[[ Information, beginning ]]
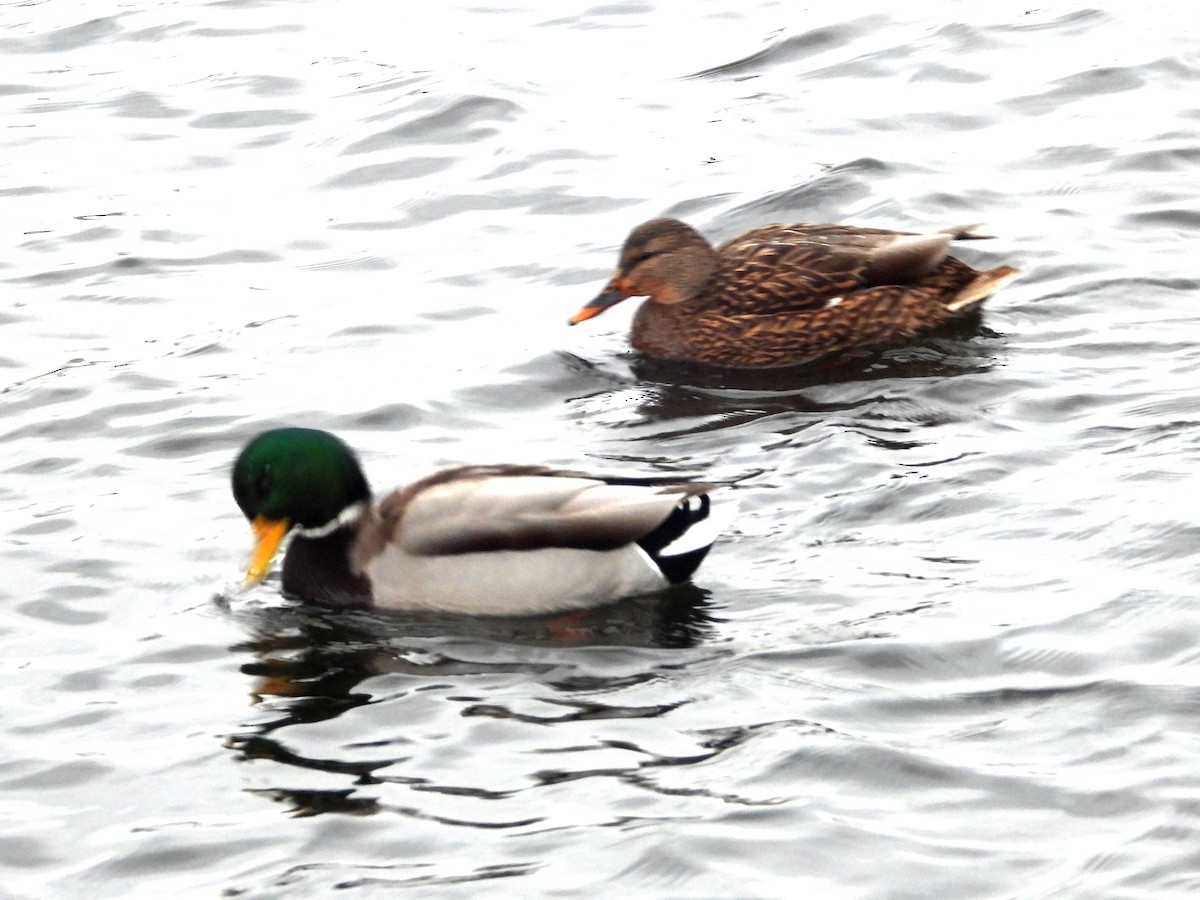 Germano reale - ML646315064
[[ Information, end ]]
[[ Information, beginning ]]
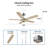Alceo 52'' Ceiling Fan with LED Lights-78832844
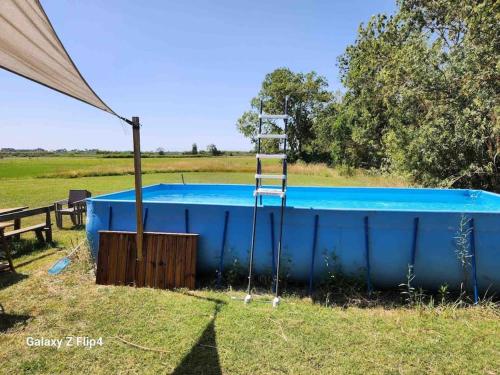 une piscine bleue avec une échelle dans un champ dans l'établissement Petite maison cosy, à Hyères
[[ Information, end ]]
[[ Information, beginning ]]
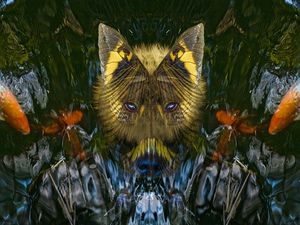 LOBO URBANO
[[ Information, end ]]
## Aim of the task
Repeat only the stretch of data above that runs from the line with "Alceo 52'' Ceiling" to the line with "une piscine bleue". Keep both end lines; exclude pictures.

## Solved exercise
Alceo 52'' Ceiling Fan with LED Lights-78832844
 une piscine bleue avec une échelle dans un champ dans l'établissement Petite maison cosy, à Hyères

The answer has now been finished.